Rachel Cusk has made quite a name for herself in England. Her fiction is top-notch, having won the Whitbread First Novel Award for "Saving Agnes" in 1993, and shines brightest when shedding light on domestic matters. Her imaginative insights cut deeply across family ties to expose the hidden realities behind everyday relationships. When it comes to nonfiction, however, she loses her audience. In "Aftermath," a memoir of divorce, Cusk polarizes her base with what's perceived as pretension and overwrought intellectualism.

"As a whole," writes Emma Gilbey Keller of The New York Times, "this book doesn't work." Her writing comes off as "self-involved," her papers riddled with "pretension," her tale too "tedious." Her "obvious love for" her children bless the book with "vibrant passages," but the "lack of detail" about her divorce is the book's "most glaring omission." Her cerebral slant is the subject of all "Aftermath" reviews.
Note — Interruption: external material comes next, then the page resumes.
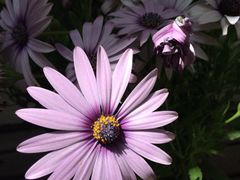 iphone_upload_pic-燕庭·纯燕窝·甜品下午茶(南京西路店)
Liza Mundy of The San Francisco Chronicle asks the reader to accept Cusk's foundering marriage to make way for the "compelling" and "restlessly erudite portrait of post-marital strife." Yet Cusk "devastatingly emasculates her husband" in this "part puzzle and part disappointment" of a book, writes Emily Bazelon of Slate, who only takes solace in the final pages that end with a chapter of fiction - her "favorite part."
Bio-Metric: 2/5

 

"My Life As a Mankiewicz" by Tom Mankiewicz

Tom Mankiewicz came from an illustrious line of entertainment whizzes extraordinaire. His father won four Oscars in two years, having written and directed the classic film All About Eve. His uncle Herman Mankiewicz also won an Oscar for co-writing Citizen Kane. Without a Mankiewicz, there'd be no "rosebud." Tom, who bravely contributed to his memoir in the midst of pancreatic cancer that eventually took his life, followed in his family's footsteps. He wrote or co-wrote many of the James Bond films we quote today. The posthumous publication of Tom Mankiewicz's memoir is, by all reviewers' accounts, a trove of cinematic tales and celebrity gossip.

"Prime firsthand anecdotes fill this consistently readable and entertaining book," writes John DiLeo of The Washington Post. Martin Rubin of The Washington Times agrees, calling "My Life" something "bursting with good stories," suggesting he wouldn't mind reading Mankiewicz's stories for days on end: "This enormously entertaining memoir gives the reader the benefit of a superb raconteur’s vast store of anecdote and incident." The Wall Street Journal's Scott Eyman reiterates that "My Life" is "not a superficial book either, and it's invariably entertaining, if only because a gift for words runs in the family."